While meandering through the market, we spotted the Basilica, so went in for a look especially at the tapestries dating back to the 15th Century. There was no audio guide, but Andrew helpfully provided his own, slightly cynical version of the scenes.

Hotel de Dieu did not disappoint at all, despite the hordes of tourists sharing our afternoon visit.

Hotel de Dieu is a beautiful building. The fascinating story of its foundation and subsequent use and of its self funding through farming, wine production and much more was covered by the tour audio guide.

Aires provide some brilliant examples of interesting parking; this clown parked in the roadway when there were many empty spaces. Doh! We also heard a Motorhome sideswipe another, which was inconsiderately parked in a short space- all 8m of him.

Here are a few photos of Beaune

Gurgy- heading South

A long drive for us, this one was about 255km from our last stop at Brezolles. It looked like an easy drive on wide roads, so I asked Andrew “Do you think your nerves are up to me doing a bit of driving?” His reply was accompanied by an audible “woohoo!” so I guessed I’d picked the right moment to offer. At the next suitable layby, a quick change of driver and mirror and seat positions and we were off again. Ha, only a few minutes into “my” drive, and we were in a small village with those damed chicanes and lorries coming the other way. Hold on to your seats. I should have recorded how much I drove, I suppose, but after a few similar villages and roundabouts etc, I handed back control.

Arriving at Gurgy, the temperature had become oven-like, and we parked up in the lovely setting of the motorhome Aire alongside the river. The overnight charge was 8.60 euros, including electric hook-up.

Once hooked up we were off on our bikes for a cycle along the riverside. Approaching home, my bike’s rear tyre punctured..grrr…so I did the short walk of shame back to camp.

We had booked a table at the village restaurant for 7pm so Andrew set about replacing the inner tube, interrupted only by at least three neighbours who stopped to offer advice, or just watch, then talked about our van etc.

Dinner was superb! One of those 3 courses Menus, with 3 choices per course. Andrew couldn’t resist the andouilette starter….yeeeuk. To further aggravate the vegans, his main course was lapin in a mustard sauce, with tagliatelle…sorry Benjamin Bunny!

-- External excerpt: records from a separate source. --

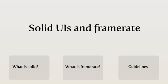Hi, I'm Stefan Lincoln and I work at TAT. Solid UIs and Frame Rate.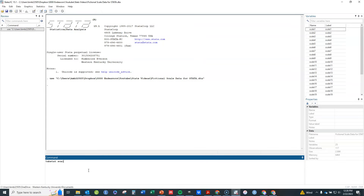I'm going to type tabstat, list my variables from scale item one to scale item 20, then add a comma to indicate options. I'll specify the statistics I want: the mean, standard deviation, skewness, and kurtosis — with spaces between those options, not commas. By default it gives rows as statistics and columns as variables, which would be quite wide, so I'll add an option to make columns represent the statistics rather than the variables. I just type that in and hit enter.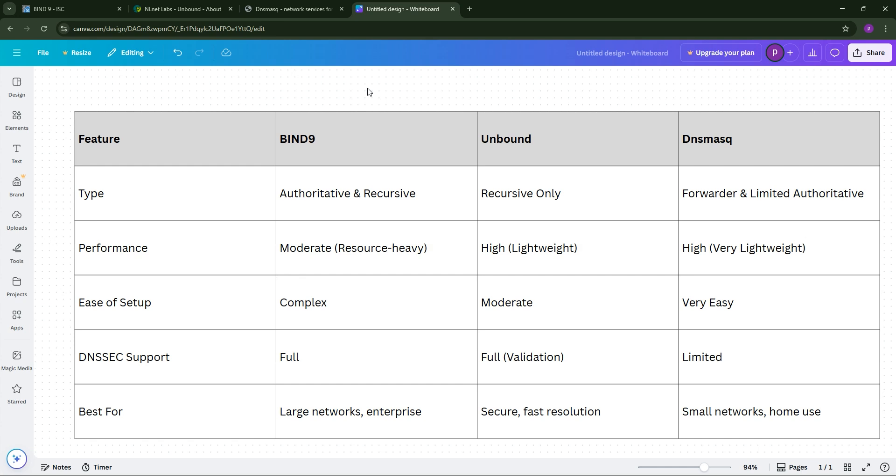Choose based on your needs: enterprise power with Bind9, secure speed with Unbound, or simplicity with DNSmasq. Got questions? Drop them below and subscribe for more tech tips.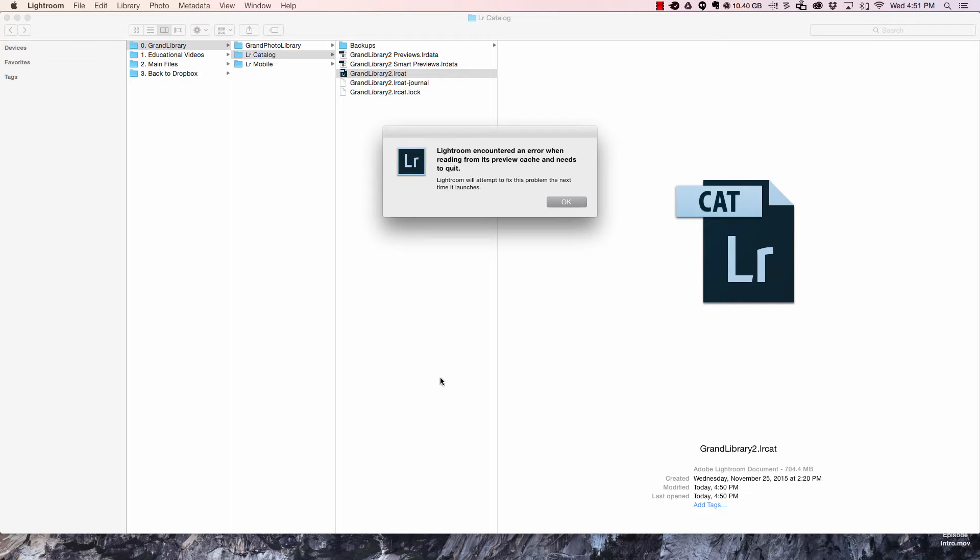Now before you smash your computer or jump off a bridge or something bad, there's a really easy fix for this.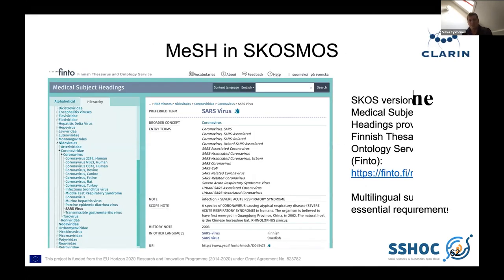I already mentioned the language limitation, and SKOSMOS is a very nice framework developed by the Finnish National Library. It includes, for example, Medical Subject Headings — MeSH — maintained by the National Institutes of Health in the United States. But what they did is they added two other languages, so most of the concepts are available in Finnish and Swedish, which is different from what Americans already have. We have to link those entities in Dataverse as well.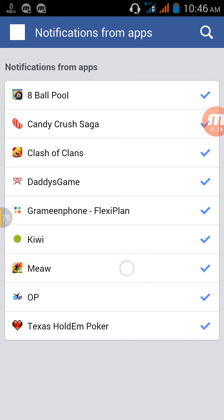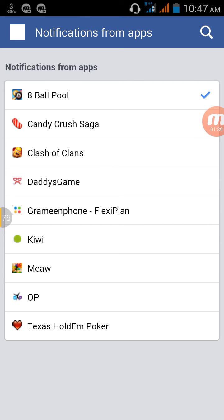Here are the apps that are sending me notifications that are not important. I can remove them so they won't be able to send notifications. Click on everything you don't want to receive notifications from, and it's done — those apps won't be able to send any kind of notification.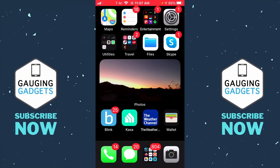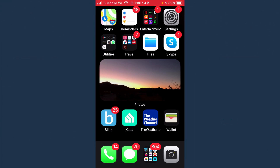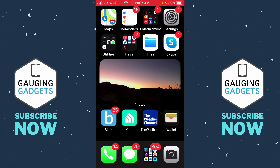Hey guys, welcome to another Gauging Gadgets iPhone or iPad tutorial video. In this video I'm going to show you how to enable cookies on your iPhone or iPad within the browser. If you're using the browser on your iPhone or iPad and you notice that websites are not loading correctly or not working, then enabling cookies might fix that. It's actually really easy.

Our overnight here was brill, with stunning scenery and we’d highly recommend it.

Brezolles

Having left Normandy and our DDay 75 tour, its time to head South East and Brezolles is chosen as our first Aire in Burgundy region. It’s right on the edge of the village, and just off a busy road with lots of trucks thundering through, but hey, it’s free and has all facilities for Motorhomes.

There are 6 other vans parked up, and we choose our space next to a picnic bench before walking into the village to see what’s on offer.

Most of the shops are closed, but a boulangerie is located for tomorrow. Back at the van, we wrestle with the “no camping behaviour” rule, (which usually means no awnings to be wound out, no tables and chairs, no BBQs) opting instead for hob-cooked sausages with baguettes. Heaven forbid we would be “The Brits who insisted on using their BBQ, against the rules”. We both slept well, despite the traffic noise and the peal of bells from the nearby church. To be fair, traffic had subsided by late evening.

Oh, and what did Brezolles have to offer? The usual- a church, no doubt at least one hair salon and a couple of takeaways, but the fishing lake had dried up due to lack of rain so far this year as can be seen in the photo below.

Andrew did spot what was probably a coypu, and a kingfisher, on his walk to the boulangerie, but they had gone into hiding by the time we both walked into the village later, so we will have to take his word for it.